I'm trying to solve the following system of equations: $$3x^2 - 3y = 0$$ $$-3x + 4y^3 = 0$$
I started out by rearranging the first equation to get x in terms of y: $$3x^2 - 3y = 0$$ $$x^2-y=0$$ $$x^2=y$$ $$x=\pm\sqrt{y}$$
Then, I plugged in the above result into the second equation and solved for y: $$-3x + 4y^3 = 0$$ $$-3(\pm\sqrt{y})+4y^3=0$$ $$4y^3=3(\pm\sqrt{y})$$ $$16y^6=9y$$ $$y^5=\frac{9}{16}$$ $$y=(\frac{3}{4})^\frac{2}{5}; y=0$$
Lastly, I plugged in the above result back into the result of the first equation to get the corresponding x values. The 3 answers are: $$(0,0),((\frac{3}{4})^\frac{1}{5},(\frac{3}{4})^\frac{2}{5}), (-(\frac{3}{4})^\frac{1}{5},(\frac{3}{4})^\frac{2}{5})$$
The issue is that the first two answers are correct, but the third one (with the negative) is not. It's easy to tell that it's incorrect if you plug the third solution back into the second equation. Why is it incorrect though? I made sure to include the plus/minus signs when taking the square root back when I was simplifying the first equation, but that's actually the reason why I'm getting that negative answer, which turns out to be incorrect. I can't figure out where I went wrong in the algebra.
May be, it could have been simpler to work the other way.

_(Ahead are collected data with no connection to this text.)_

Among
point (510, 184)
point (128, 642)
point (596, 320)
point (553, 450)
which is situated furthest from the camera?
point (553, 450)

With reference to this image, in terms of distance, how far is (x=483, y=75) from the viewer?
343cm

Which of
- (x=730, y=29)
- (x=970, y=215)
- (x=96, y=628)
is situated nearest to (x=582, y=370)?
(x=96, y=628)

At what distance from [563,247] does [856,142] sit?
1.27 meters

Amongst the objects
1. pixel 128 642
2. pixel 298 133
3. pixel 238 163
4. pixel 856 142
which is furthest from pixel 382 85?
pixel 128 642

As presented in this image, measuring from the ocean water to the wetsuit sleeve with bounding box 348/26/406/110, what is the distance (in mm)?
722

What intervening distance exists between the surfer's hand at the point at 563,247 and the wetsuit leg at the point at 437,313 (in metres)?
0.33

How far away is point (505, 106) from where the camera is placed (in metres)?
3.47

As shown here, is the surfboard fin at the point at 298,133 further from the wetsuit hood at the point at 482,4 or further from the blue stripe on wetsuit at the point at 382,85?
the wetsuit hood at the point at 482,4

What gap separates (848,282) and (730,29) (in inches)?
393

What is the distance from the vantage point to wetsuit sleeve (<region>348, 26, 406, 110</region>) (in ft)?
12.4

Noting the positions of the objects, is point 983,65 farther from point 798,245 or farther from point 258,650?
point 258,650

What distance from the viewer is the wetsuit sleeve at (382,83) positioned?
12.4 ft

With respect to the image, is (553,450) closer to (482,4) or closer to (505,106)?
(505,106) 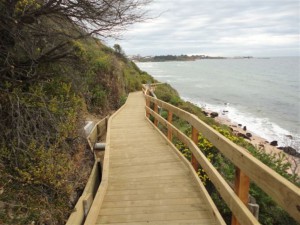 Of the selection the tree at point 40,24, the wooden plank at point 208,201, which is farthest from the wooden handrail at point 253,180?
the tree at point 40,24

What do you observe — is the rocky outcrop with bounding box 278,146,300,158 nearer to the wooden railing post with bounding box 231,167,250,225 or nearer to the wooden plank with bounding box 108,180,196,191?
the wooden plank with bounding box 108,180,196,191

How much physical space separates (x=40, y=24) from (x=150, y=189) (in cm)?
405

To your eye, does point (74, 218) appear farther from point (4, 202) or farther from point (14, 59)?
point (14, 59)

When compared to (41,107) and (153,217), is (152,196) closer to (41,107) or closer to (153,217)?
(153,217)

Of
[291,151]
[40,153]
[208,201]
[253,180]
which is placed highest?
[253,180]

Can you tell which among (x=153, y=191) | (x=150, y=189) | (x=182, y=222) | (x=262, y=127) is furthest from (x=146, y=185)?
Result: (x=262, y=127)

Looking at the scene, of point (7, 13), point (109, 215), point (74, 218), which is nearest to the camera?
point (109, 215)

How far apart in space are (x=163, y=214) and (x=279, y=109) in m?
41.4

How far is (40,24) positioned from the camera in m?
6.45

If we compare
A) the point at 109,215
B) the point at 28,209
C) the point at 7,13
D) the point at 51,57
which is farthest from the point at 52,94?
the point at 109,215

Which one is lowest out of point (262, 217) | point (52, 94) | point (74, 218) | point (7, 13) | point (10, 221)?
point (262, 217)

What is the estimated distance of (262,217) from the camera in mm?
6918

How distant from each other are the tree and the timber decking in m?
2.40

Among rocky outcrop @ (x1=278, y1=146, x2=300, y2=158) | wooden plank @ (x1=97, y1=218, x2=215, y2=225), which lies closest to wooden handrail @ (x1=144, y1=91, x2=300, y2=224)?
wooden plank @ (x1=97, y1=218, x2=215, y2=225) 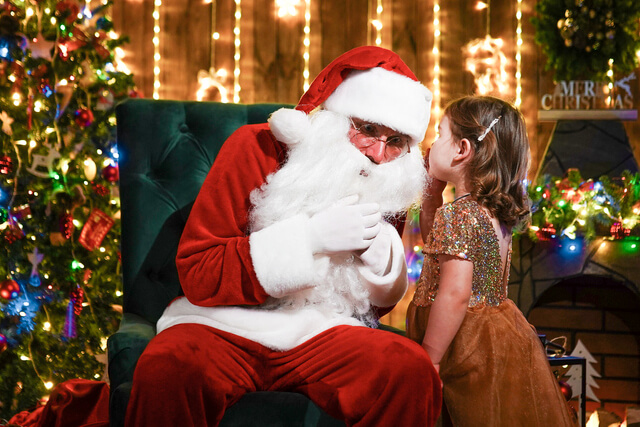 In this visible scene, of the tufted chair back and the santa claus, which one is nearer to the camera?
the santa claus

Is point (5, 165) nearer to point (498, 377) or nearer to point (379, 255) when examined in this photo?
point (379, 255)

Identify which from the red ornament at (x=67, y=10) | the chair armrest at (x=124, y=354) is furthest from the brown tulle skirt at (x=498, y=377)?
the red ornament at (x=67, y=10)

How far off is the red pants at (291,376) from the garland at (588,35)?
2.59 m

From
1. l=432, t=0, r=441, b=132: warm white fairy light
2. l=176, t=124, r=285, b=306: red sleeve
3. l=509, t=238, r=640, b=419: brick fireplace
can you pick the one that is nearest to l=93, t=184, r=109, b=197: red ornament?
l=176, t=124, r=285, b=306: red sleeve

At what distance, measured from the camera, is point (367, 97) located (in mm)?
1714

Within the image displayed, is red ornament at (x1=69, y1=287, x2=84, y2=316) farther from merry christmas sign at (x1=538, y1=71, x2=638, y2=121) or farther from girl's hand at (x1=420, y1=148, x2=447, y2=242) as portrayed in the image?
merry christmas sign at (x1=538, y1=71, x2=638, y2=121)

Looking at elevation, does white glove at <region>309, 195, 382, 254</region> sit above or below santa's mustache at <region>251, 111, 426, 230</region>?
below

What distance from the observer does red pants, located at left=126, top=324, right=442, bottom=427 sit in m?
1.34

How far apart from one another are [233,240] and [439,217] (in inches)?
24.2

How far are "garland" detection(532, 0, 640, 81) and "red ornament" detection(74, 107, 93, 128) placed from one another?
8.23 ft

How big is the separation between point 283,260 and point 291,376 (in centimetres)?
30

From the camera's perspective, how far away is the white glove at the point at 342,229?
153 centimetres

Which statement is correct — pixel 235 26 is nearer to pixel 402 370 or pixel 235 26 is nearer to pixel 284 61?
pixel 284 61

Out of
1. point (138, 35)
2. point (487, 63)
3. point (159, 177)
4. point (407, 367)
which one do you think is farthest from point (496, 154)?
point (138, 35) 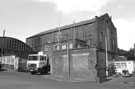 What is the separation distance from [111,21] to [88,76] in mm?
42275

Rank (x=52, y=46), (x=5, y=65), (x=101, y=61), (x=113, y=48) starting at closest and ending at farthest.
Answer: (x=101, y=61)
(x=5, y=65)
(x=52, y=46)
(x=113, y=48)

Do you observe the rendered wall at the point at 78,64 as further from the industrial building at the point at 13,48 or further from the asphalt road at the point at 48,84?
the industrial building at the point at 13,48

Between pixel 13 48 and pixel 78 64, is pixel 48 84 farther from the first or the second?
pixel 13 48

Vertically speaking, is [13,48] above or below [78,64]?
above

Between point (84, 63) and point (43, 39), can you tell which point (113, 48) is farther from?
point (84, 63)

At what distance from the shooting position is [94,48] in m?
23.7

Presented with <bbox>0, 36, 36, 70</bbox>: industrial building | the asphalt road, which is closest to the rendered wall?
the asphalt road

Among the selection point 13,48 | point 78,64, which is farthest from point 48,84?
point 13,48

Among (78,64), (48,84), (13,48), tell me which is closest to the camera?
(48,84)

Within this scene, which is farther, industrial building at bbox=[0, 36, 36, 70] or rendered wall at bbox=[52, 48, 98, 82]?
industrial building at bbox=[0, 36, 36, 70]

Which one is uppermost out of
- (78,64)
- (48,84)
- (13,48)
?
(13,48)

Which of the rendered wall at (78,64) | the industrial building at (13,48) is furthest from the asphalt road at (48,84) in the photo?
the industrial building at (13,48)

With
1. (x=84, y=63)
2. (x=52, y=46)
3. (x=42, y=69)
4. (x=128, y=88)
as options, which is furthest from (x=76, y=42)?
(x=128, y=88)

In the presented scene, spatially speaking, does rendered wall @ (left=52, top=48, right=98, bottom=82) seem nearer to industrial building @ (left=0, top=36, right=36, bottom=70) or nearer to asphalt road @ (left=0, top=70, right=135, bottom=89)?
asphalt road @ (left=0, top=70, right=135, bottom=89) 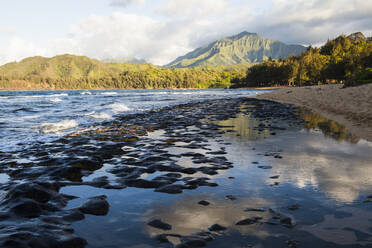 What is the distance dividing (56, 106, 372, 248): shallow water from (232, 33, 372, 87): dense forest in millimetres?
42663

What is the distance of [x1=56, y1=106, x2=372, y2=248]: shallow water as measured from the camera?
11.2 feet

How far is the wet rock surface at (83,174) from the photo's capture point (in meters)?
3.56

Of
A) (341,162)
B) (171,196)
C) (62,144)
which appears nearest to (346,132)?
(341,162)

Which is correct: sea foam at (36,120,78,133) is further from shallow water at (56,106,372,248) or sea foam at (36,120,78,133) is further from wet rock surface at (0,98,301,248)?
shallow water at (56,106,372,248)

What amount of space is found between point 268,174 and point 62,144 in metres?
8.22

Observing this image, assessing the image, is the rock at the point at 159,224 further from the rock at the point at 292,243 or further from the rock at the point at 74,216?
the rock at the point at 292,243

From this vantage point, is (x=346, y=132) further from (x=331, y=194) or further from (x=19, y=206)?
(x=19, y=206)

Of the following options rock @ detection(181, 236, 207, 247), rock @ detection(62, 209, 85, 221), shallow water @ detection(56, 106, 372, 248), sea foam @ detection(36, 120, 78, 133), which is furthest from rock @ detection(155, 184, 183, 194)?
sea foam @ detection(36, 120, 78, 133)

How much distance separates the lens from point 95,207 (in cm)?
437

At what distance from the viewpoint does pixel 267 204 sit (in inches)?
177

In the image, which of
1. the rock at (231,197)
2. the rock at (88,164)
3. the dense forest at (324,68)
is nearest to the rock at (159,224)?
the rock at (231,197)

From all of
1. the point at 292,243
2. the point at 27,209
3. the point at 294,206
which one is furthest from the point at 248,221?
the point at 27,209

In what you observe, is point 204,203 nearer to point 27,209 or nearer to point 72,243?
point 72,243

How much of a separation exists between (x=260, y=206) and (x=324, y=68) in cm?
13954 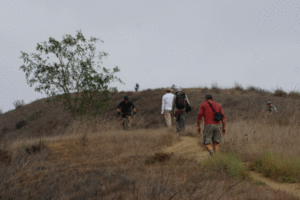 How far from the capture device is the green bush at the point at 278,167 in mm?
5257

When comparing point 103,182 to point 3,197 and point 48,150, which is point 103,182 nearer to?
point 3,197

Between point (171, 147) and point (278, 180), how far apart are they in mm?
4043

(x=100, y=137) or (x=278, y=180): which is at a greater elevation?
(x=100, y=137)

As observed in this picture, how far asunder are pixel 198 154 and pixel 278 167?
8.60ft

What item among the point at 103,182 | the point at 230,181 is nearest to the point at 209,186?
the point at 230,181

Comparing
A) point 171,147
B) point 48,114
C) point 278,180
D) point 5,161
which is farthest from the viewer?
point 48,114

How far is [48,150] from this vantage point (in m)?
8.20

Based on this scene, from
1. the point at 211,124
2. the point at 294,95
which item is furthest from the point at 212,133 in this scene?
the point at 294,95

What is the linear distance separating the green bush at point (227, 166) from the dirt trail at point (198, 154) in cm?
31

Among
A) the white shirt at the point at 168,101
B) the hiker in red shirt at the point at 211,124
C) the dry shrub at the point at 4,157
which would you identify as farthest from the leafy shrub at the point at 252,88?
the dry shrub at the point at 4,157

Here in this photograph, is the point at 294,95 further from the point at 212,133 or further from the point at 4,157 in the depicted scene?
the point at 4,157

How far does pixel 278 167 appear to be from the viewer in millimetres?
5539

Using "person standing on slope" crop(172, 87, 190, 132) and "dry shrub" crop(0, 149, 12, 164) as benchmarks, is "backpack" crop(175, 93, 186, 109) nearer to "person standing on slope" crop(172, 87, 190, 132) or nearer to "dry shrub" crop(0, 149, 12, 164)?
"person standing on slope" crop(172, 87, 190, 132)

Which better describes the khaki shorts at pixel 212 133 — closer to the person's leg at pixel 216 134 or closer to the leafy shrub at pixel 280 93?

From the first equation, you have $y=x^2$. Then, the second equation becomes $$-3x+4x^6=x(4x^5-3)=0$$ from which the real solutions are $x=0$ and $x=\big(\frac 3 4\big)^{1/5}$ to which corresponf $y=0$ and $y=\big(\frac 3 4\big)^{2/5}$.
This avoids the problem of squaring which always introduces extra solutions.